%%

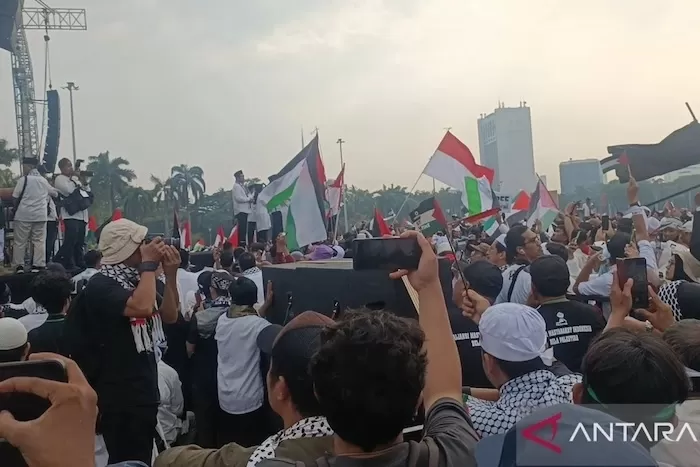 Disambut Ribuan Masyarakat, Menlu Retno Bacakan Puisi ‘Palestina Saudaraku’ di Monas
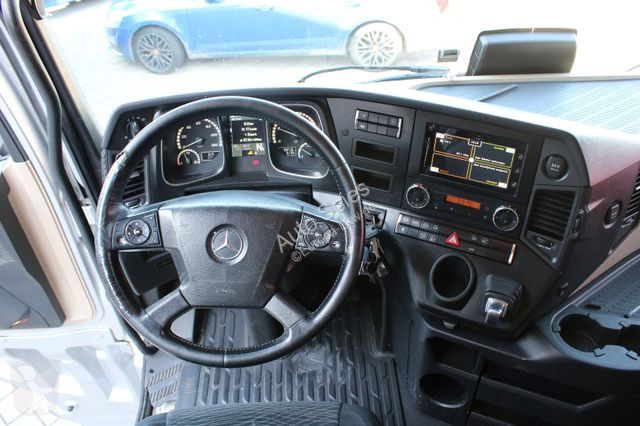 Traktor Mercedes MP4 1846 Mega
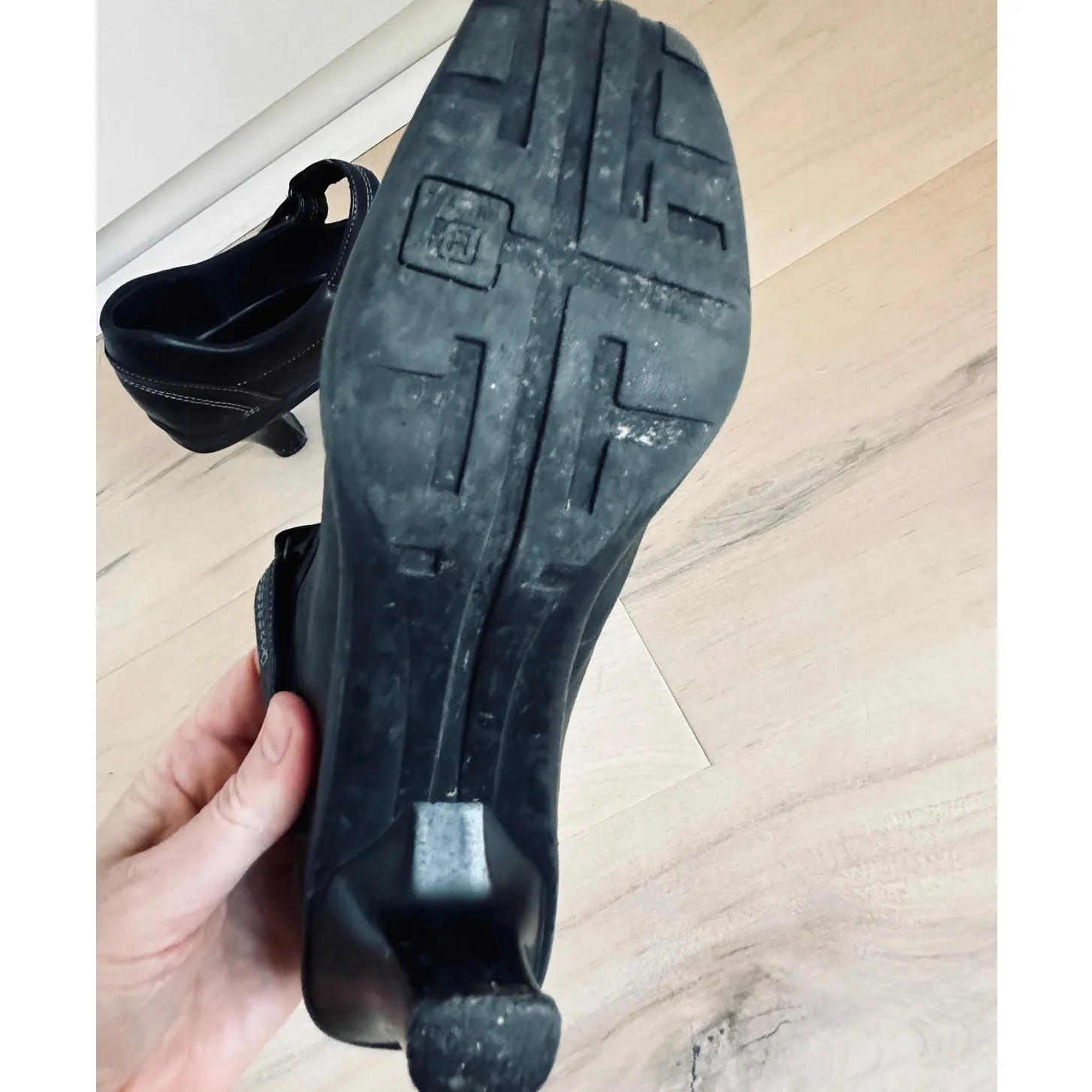 Y2K Leather Heeled Mary Janes Black Kenneth Cole Reaction Square Toe Classic - Image 4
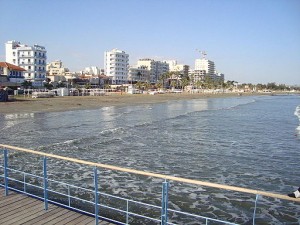 Billed af Larnaca kystlinje foran hotellerne. (kilde: wikimedia)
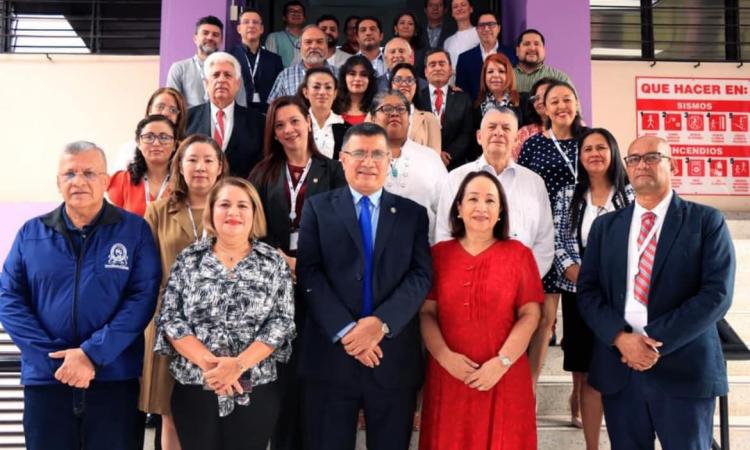 Directora de Vinculación Universidad Sociedad tuvo participación en la II Reunión del Proyecto FUESE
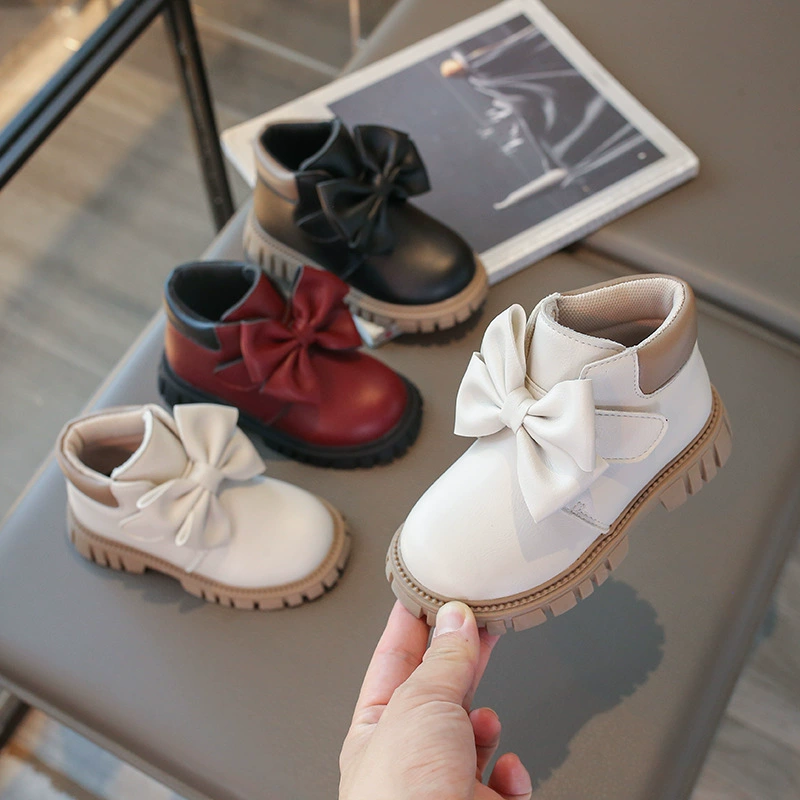 2025 Тенденция Британские сапоги для девочек короткие сапоги новые модные банты для детей Мартин сапоги повседневные сапоги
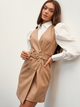 Sukienka Gepur ze sztucznej skóry 41293 XS Beige (5000030878100) - obraz 1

%%

◆ **WORK INSTRUCTION**: Reproduce the data above word for word, but leave the images out.

◆ **TASK SOLUTION**:
 Disambut Ribuan Masyarakat, Menlu Retno Bacakan Puisi ‘Palestina Saudaraku’ di Monas
 Traktor Mercedes MP4 1846 Mega
 Y2K Leather Heeled Mary Janes Black Kenneth Cole Reaction Square Toe Classic - Image 4
 Billed af Larnaca kystlinje foran hotellerne. (kilde: wikimedia)
 Directora de Vinculación Universidad Sociedad tuvo participación en la II Reunión del Proyecto FUESE
 2025 Тенденция Британские сапоги для девочек короткие сапоги новые модные банты для детей Мартин сапоги повседневные сапоги
 Sukienka Gepur ze sztucznej skóry 41293 XS Beige (5000030878100) - obraz 1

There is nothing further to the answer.